Disclaimer: I most certainly don't own these characters and haven't been paid for writing stuff like this.

Author's Note: I don't speak any Elvish except "Havo dad, Legolas," so if "Caerolas" actually means "mother monkey butt" in Quenya or something, then I apologize. It wasn't intentional.

* * *

It was the most beautiful Elven artwork Frodo had ever seen. He turned the pages of the volume in the bookseller's stall, entranced by the skill in the pictures, the grace of the calligraphy. His heart beat quickly; he knew the large book must be incredibly rare and quite old, and was worth far more than the seller was asking. True, the fact that some previous owner long ago had glued pink satin ribbon and tea-colored lace to the edges of the front cover would diminish its value a little bit, as would the looping handwriting on the flyleaf, which seemed to consist mostly of the name "Mariella" joined with the names of legendary heroes inside flower-shaped bubbles. But it was still a treasure, the likes of which he never expected to see in the Hobbiton marketplace.

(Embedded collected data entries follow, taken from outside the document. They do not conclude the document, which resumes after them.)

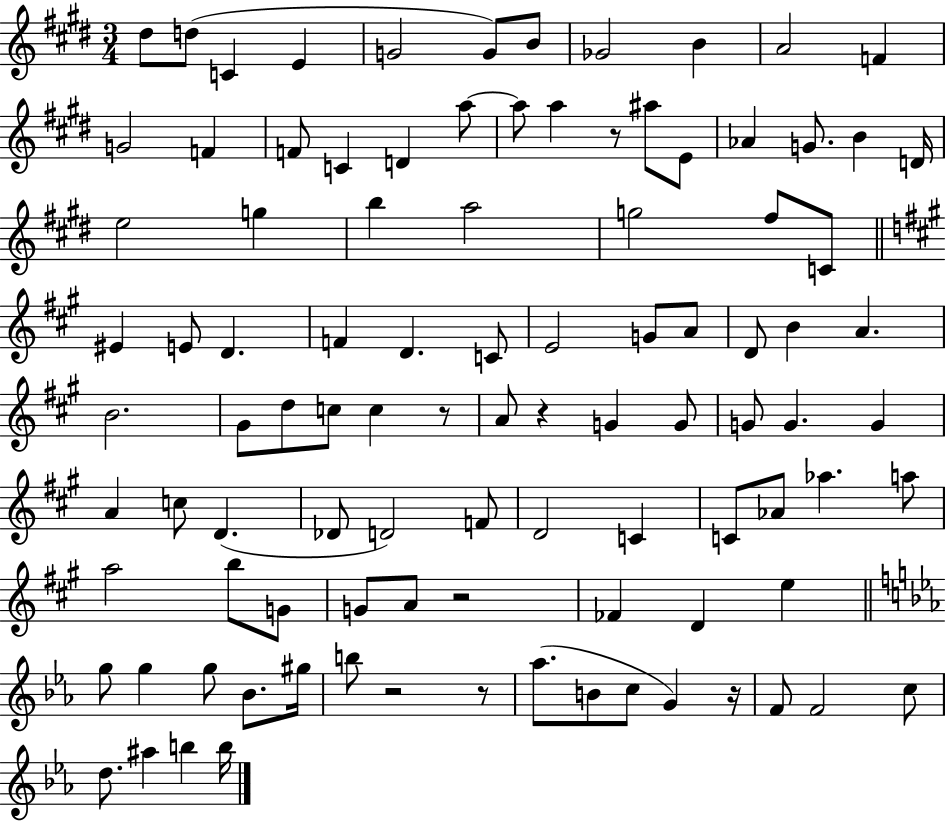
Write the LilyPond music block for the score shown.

{
  \clef treble
  \numericTimeSignature
  \time 3/4
  \key e \major
  \repeat volta 2 { dis''8 d''8( c'4 e'4 | g'2 g'8) b'8 | ges'2 b'4 | a'2 f'4 | \break g'2 f'4 | f'8 c'4 d'4 a''8~~ | a''8 a''4 r8 ais''8 e'8 | aes'4 g'8. b'4 d'16 | \break e''2 g''4 | b''4 a''2 | g''2 fis''8 c'8 | \bar "||" \break \key a \major eis'4 e'8 d'4. | f'4 d'4. c'8 | e'2 g'8 a'8 | d'8 b'4 a'4. | \break b'2. | gis'8 d''8 c''8 c''4 r8 | a'8 r4 g'4 g'8 | g'8 g'4. g'4 | \break a'4 c''8 d'4.( | des'8 d'2) f'8 | d'2 c'4 | c'8 aes'8 aes''4. a''8 | \break a''2 b''8 g'8 | g'8 a'8 r2 | fes'4 d'4 e''4 | \bar "||" \break \key c \minor g''8 g''4 g''8 bes'8. gis''16 | b''8 r2 r8 | aes''8.( b'8 c''8 g'4) r16 | f'8 f'2 c''8 | \break d''8. ais''4 b''4 b''16 | } \bar "|."
}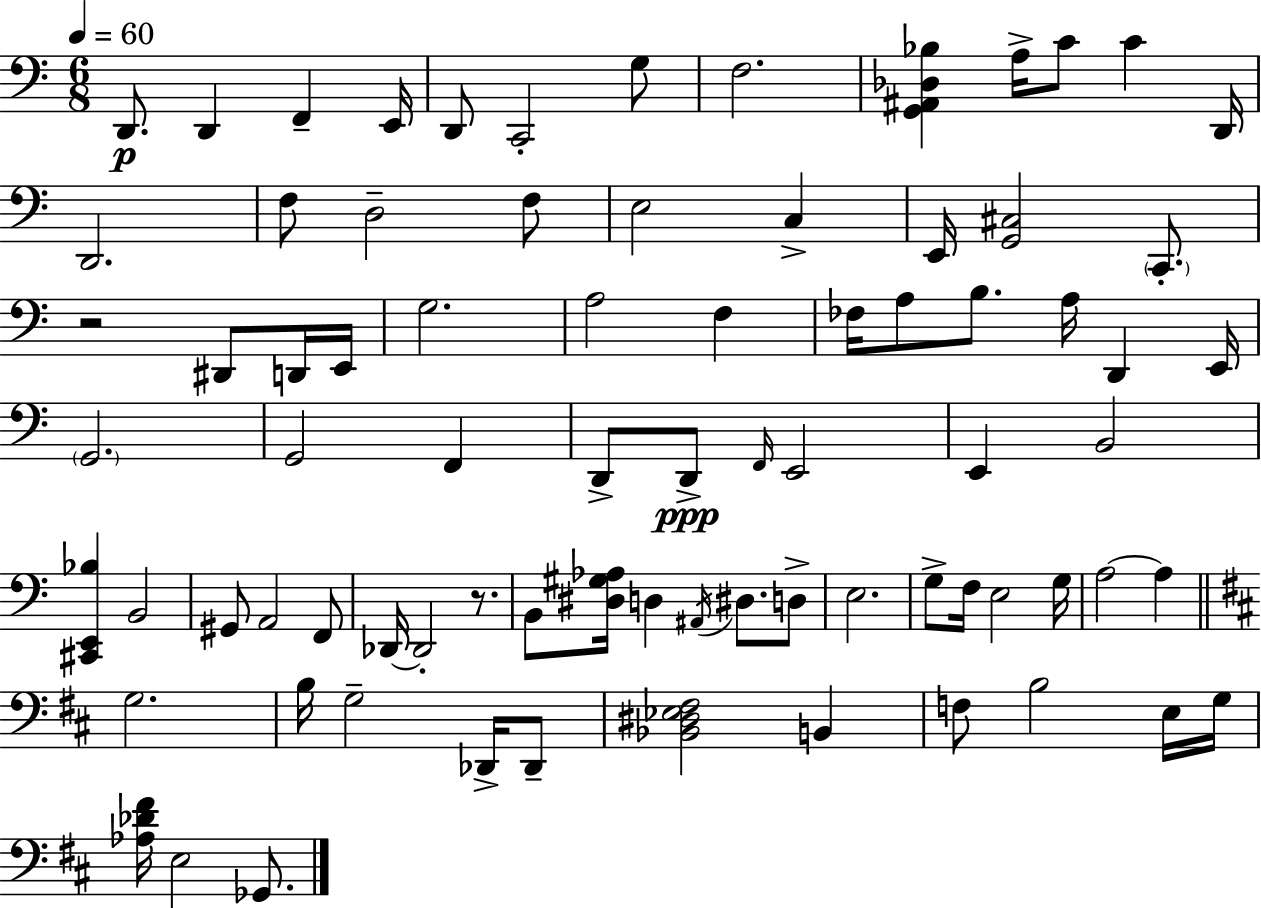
X:1
T:Untitled
M:6/8
L:1/4
K:C
D,,/2 D,, F,, E,,/4 D,,/2 C,,2 G,/2 F,2 [G,,^A,,_D,_B,] A,/4 C/2 C D,,/4 D,,2 F,/2 D,2 F,/2 E,2 C, E,,/4 [G,,^C,]2 C,,/2 z2 ^D,,/2 D,,/4 E,,/4 G,2 A,2 F, _F,/4 A,/2 B,/2 A,/4 D,, E,,/4 G,,2 G,,2 F,, D,,/2 D,,/2 F,,/4 E,,2 E,, B,,2 [^C,,E,,_B,] B,,2 ^G,,/2 A,,2 F,,/2 _D,,/4 _D,,2 z/2 B,,/2 [^D,^G,_A,]/4 D, ^A,,/4 ^D,/2 D,/2 E,2 G,/2 F,/4 E,2 G,/4 A,2 A, G,2 B,/4 G,2 _D,,/4 _D,,/2 [_B,,^D,_E,^F,]2 B,, F,/2 B,2 E,/4 G,/4 [_A,_D^F]/4 E,2 _G,,/2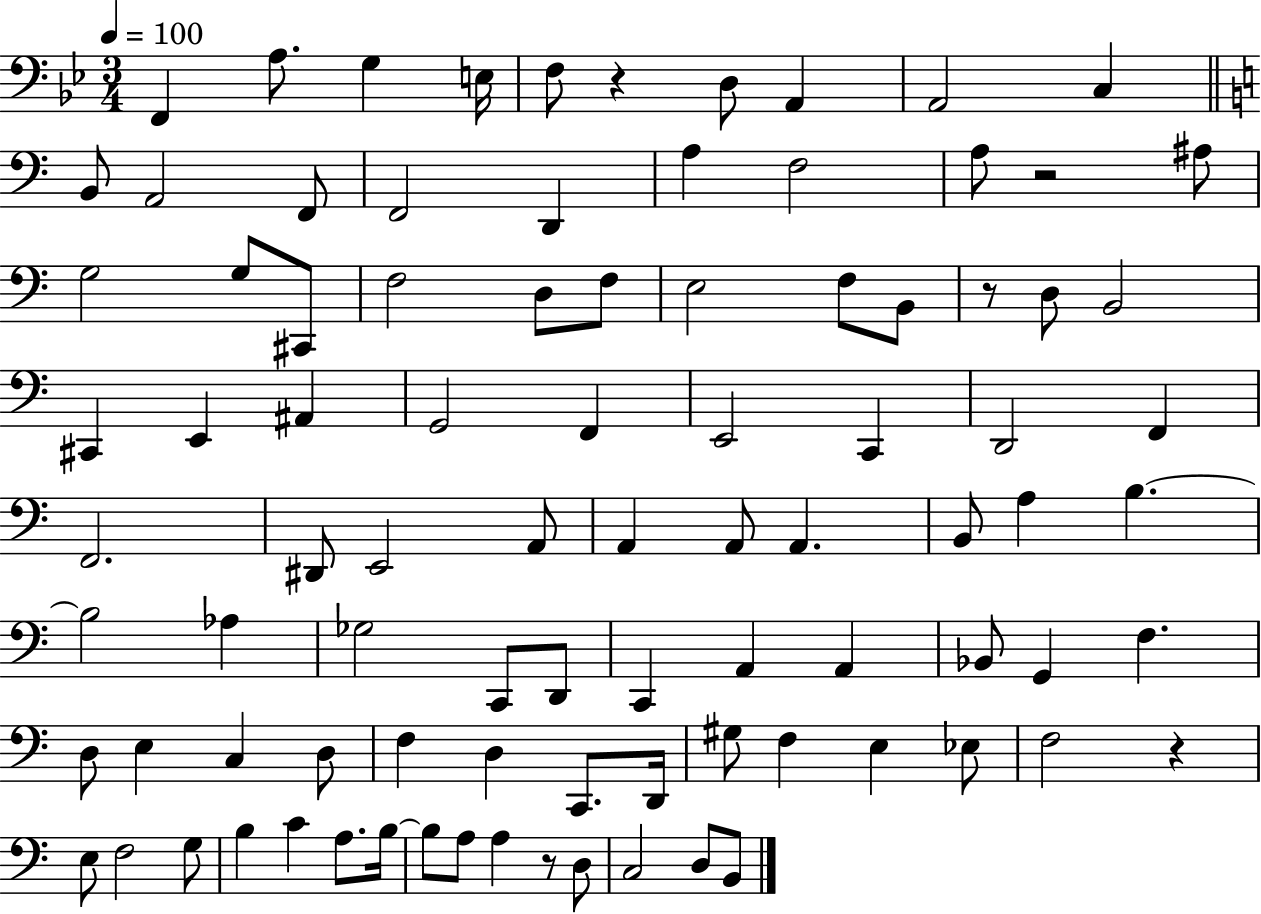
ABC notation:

X:1
T:Untitled
M:3/4
L:1/4
K:Bb
F,, A,/2 G, E,/4 F,/2 z D,/2 A,, A,,2 C, B,,/2 A,,2 F,,/2 F,,2 D,, A, F,2 A,/2 z2 ^A,/2 G,2 G,/2 ^C,,/2 F,2 D,/2 F,/2 E,2 F,/2 B,,/2 z/2 D,/2 B,,2 ^C,, E,, ^A,, G,,2 F,, E,,2 C,, D,,2 F,, F,,2 ^D,,/2 E,,2 A,,/2 A,, A,,/2 A,, B,,/2 A, B, B,2 _A, _G,2 C,,/2 D,,/2 C,, A,, A,, _B,,/2 G,, F, D,/2 E, C, D,/2 F, D, C,,/2 D,,/4 ^G,/2 F, E, _E,/2 F,2 z E,/2 F,2 G,/2 B, C A,/2 B,/4 B,/2 A,/2 A, z/2 D,/2 C,2 D,/2 B,,/2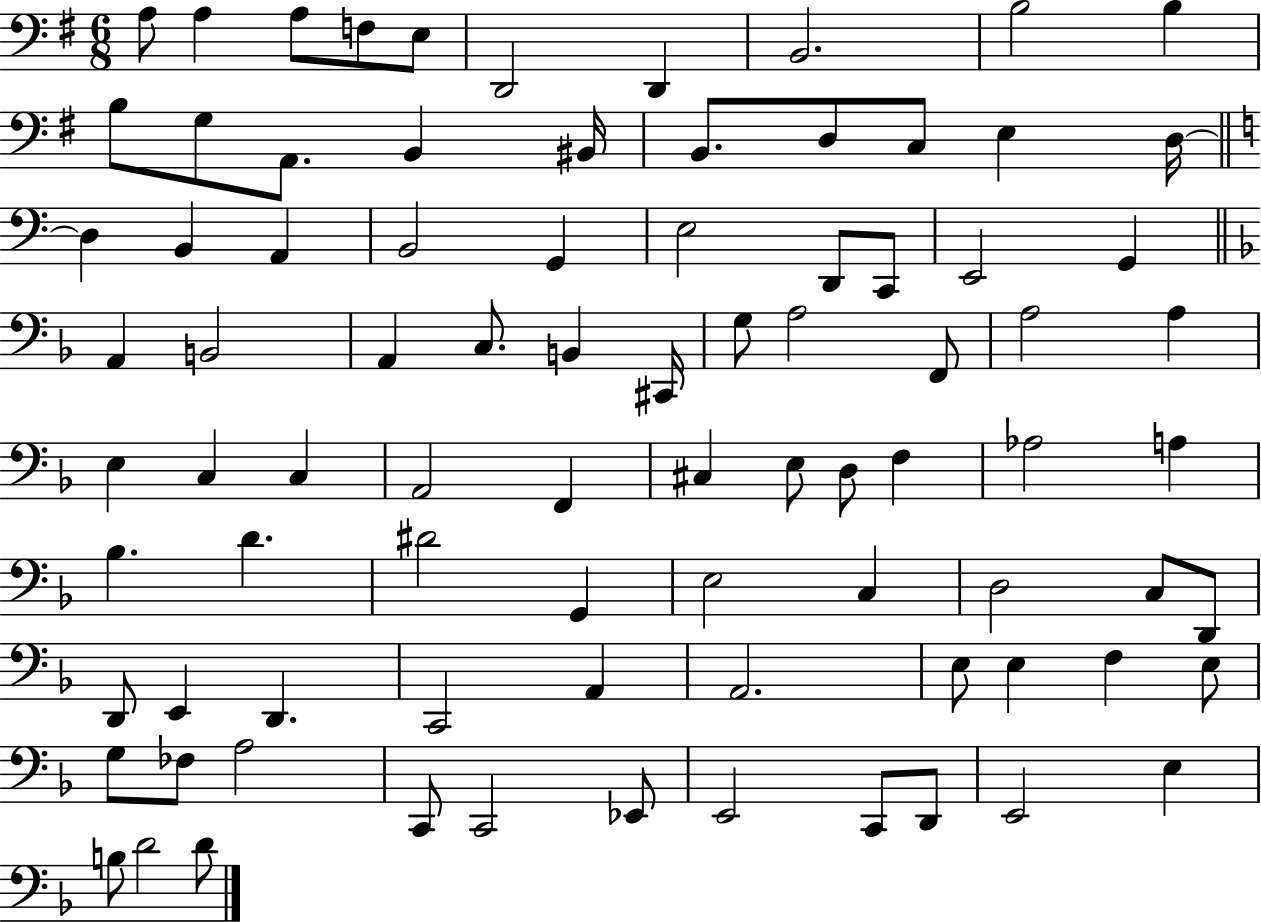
{
  \clef bass
  \numericTimeSignature
  \time 6/8
  \key g \major
  \repeat volta 2 { a8 a4 a8 f8 e8 | d,2 d,4 | b,2. | b2 b4 | \break b8 g8 a,8. b,4 bis,16 | b,8. d8 c8 e4 d16~~ | \bar "||" \break \key a \minor d4 b,4 a,4 | b,2 g,4 | e2 d,8 c,8 | e,2 g,4 | \break \bar "||" \break \key f \major a,4 b,2 | a,4 c8. b,4 cis,16 | g8 a2 f,8 | a2 a4 | \break e4 c4 c4 | a,2 f,4 | cis4 e8 d8 f4 | aes2 a4 | \break bes4. d'4. | dis'2 g,4 | e2 c4 | d2 c8 d,8 | \break d,8 e,4 d,4. | c,2 a,4 | a,2. | e8 e4 f4 e8 | \break g8 fes8 a2 | c,8 c,2 ees,8 | e,2 c,8 d,8 | e,2 e4 | \break b8 d'2 d'8 | } \bar "|."
}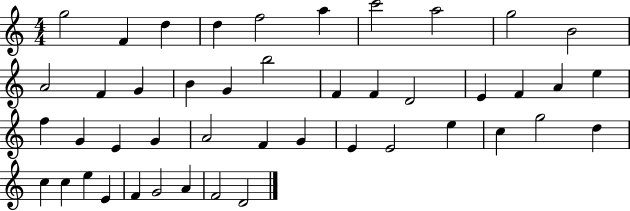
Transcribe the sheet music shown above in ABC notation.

X:1
T:Untitled
M:4/4
L:1/4
K:C
g2 F d d f2 a c'2 a2 g2 B2 A2 F G B G b2 F F D2 E F A e f G E G A2 F G E E2 e c g2 d c c e E F G2 A F2 D2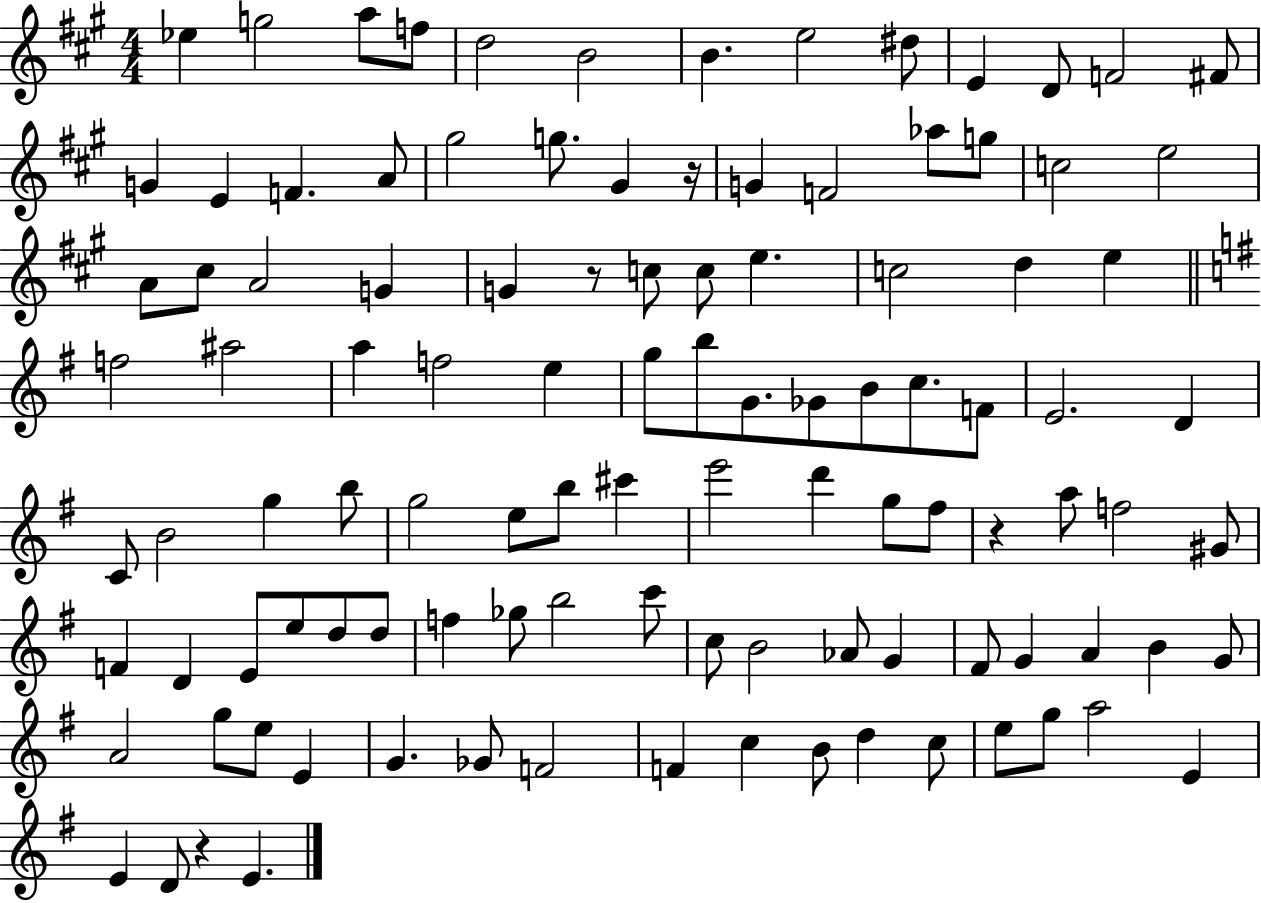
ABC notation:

X:1
T:Untitled
M:4/4
L:1/4
K:A
_e g2 a/2 f/2 d2 B2 B e2 ^d/2 E D/2 F2 ^F/2 G E F A/2 ^g2 g/2 ^G z/4 G F2 _a/2 g/2 c2 e2 A/2 ^c/2 A2 G G z/2 c/2 c/2 e c2 d e f2 ^a2 a f2 e g/2 b/2 G/2 _G/2 B/2 c/2 F/2 E2 D C/2 B2 g b/2 g2 e/2 b/2 ^c' e'2 d' g/2 ^f/2 z a/2 f2 ^G/2 F D E/2 e/2 d/2 d/2 f _g/2 b2 c'/2 c/2 B2 _A/2 G ^F/2 G A B G/2 A2 g/2 e/2 E G _G/2 F2 F c B/2 d c/2 e/2 g/2 a2 E E D/2 z E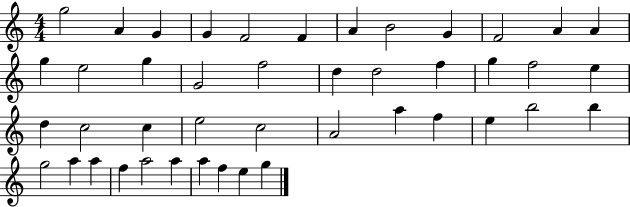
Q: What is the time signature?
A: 4/4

Silently blessing the mysterious paths that had delivered this book into his unworthy hands, Frodo counted out the requested coins for the seller.

The fellow was a middle-aged hobbit with a distracted look in his eyes. "Thank you, good sir," the seller gushed. "You're too kind, sir." He wrapped up the book in a length of snow-white cotton and offered it up to Frodo.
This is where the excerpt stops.